5 - Buscar ajuda. Há vários canais interessantes de apoio e prevenção ao suicídio. Este do CVV é, por exemplo, um bem legal: http://www.cvv.org.br.

6 - Controle ambiental de fatores de risco6. É fundamental que se analisem os ambientes e, por consequência, se eliminem os fatores que fomentam o autocídio. (Ex.: se é um ambiente escolar, deve-se preconizar o respeito ao próximo e à vida, aos valores ético-morais etc. Coibir as práticas de violências, o bullying, os comentários deletérios etc.)

7 - A gestão de uma crise suicida não deve ser um acontecimento solitário6. O suicídio é um problema social. Autoridades, profissionais da área da saúde (médicos, enfermeiros, assistentes sociais, psicólogos), religiosos, familiares, comunidade, amigos do trabalho, enfim, todos devem estar envolvidos no combate ao suicídio. É um problema que requer intervenção multiprofissional.

8 - Posvenção7. É preciso acabar com o estigma e cuidar dos familiares que sofrem o luto do parente suicida. Eles são denominados “sobreviventes do suicídio” e necessitam de suporte total. Assim, é fundamental ofertar-lhes os seguintes lenitivos: “Trazer alívio dos efeitos relacionados com o sofrimento e a perda; Prevenir o aparecimento de reações adversas e complicações do luto; Minimizar o risco de comportamento suicida nos enlutados por suicídio; Promover resistência e enfrentamento em sobreviventes”7.

9 - Oração.
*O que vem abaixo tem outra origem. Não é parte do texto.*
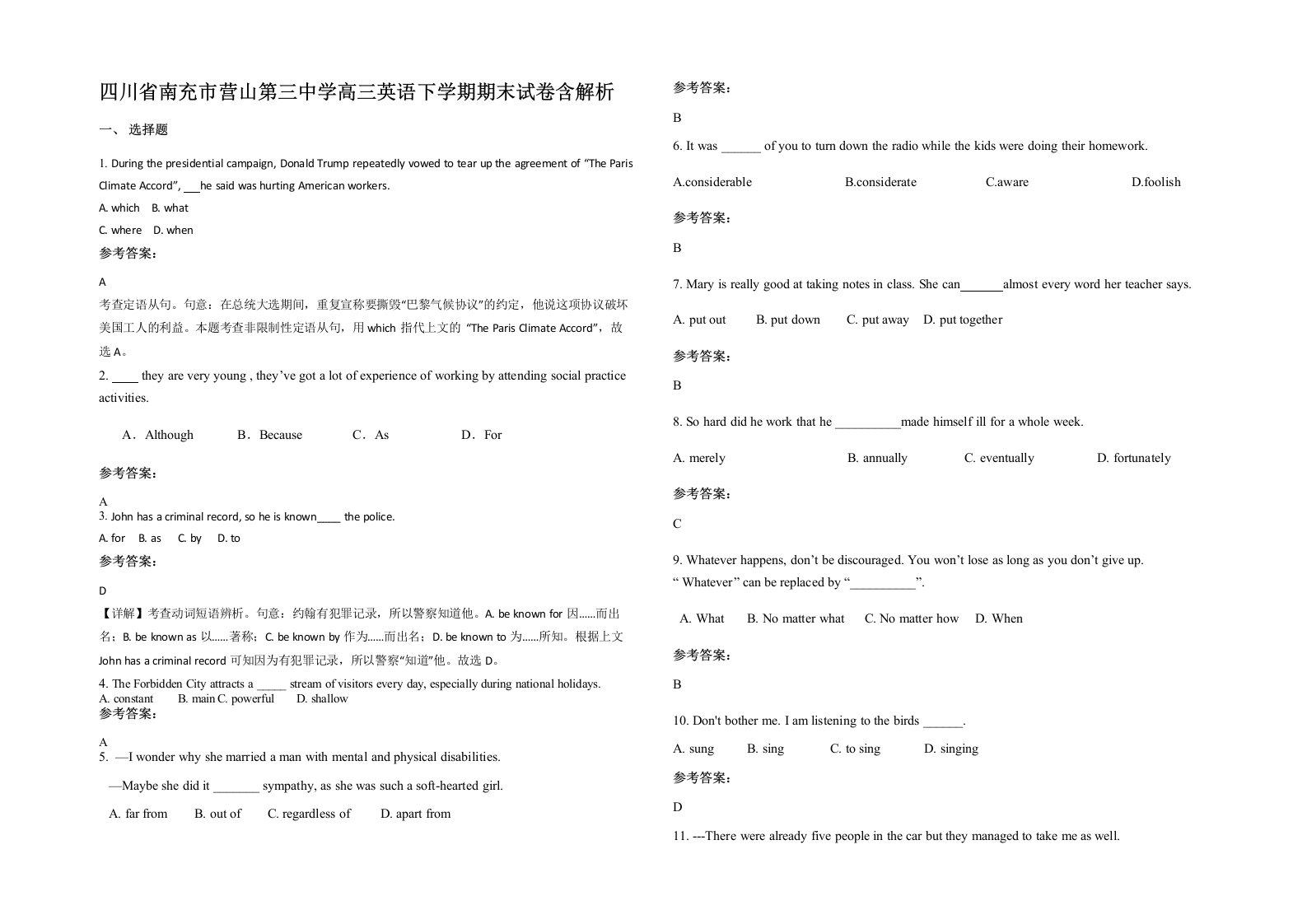 四川省南充市营山第三中学高三英语下学期期末试卷含解析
Já está provado, cientificamente, que a oração traz benefícios diversos ao organismo humano: diminui os níveis de estresse, eleva o sistema imunológico, fora os benefícios espirituais que ainda não temos condições de aquilatar, mas que estão muito bem exarados na literatura espírita. Assim, orar diuturnamente é tarefa sine qua non para o equilíbrio e a paz interior.

Por fim, gostaríamos de nos dirigir aos(as) irmãos(ãs) que se encontram em dificuldades.

Não temam! Não sintam vergonha! Nenhum problema é insignificante. Cada pessoa o encara de uma forma. E se você se sente impotente, infeliz, depressivo, quer “entregar os pontos”, busque ajuda! Seja com um amigo, um familiar, um religioso, um terapeuta, um profissional da saúde, enfim. Não fique calado! Coloque para fora o descontentamento ou o problema e peça ajuda, humildemente. E ela virá! Ela surgirá! E tudo ficará em paz!

Deus, o bondoso Pai, ama a todos(as)! E não colocaria um fardo pesado sobre ombros leves… Lute pela vida!

 

Referências:

1 VOMERO, Maria Fernanda. Por que uma pessoa se mata? Disponível em Revista Super Interessante: eis o link  - Acesso em 06/08/2017.

2 Disponível em http://conceito.de/suicidio - Acesso em 06/08/2017.

3 KARDEC, Allan. O Evangelho segundo o Espiritismo. Brasília: FEB, 2013.

4 PEREIRA. Yvonne / Camilo. A. Memórias de um Suicida. 11. ed. Rio de Janeiro: Federação Espírita Brasileira, 1955. 

5 Disponível em Carta de Ottawa - Acesso em 06/08/2017.

6 Disponível em mental health - Acesso em 06/08/2017.

7 Disponível em posvenção - Acesso em 06/08/2017.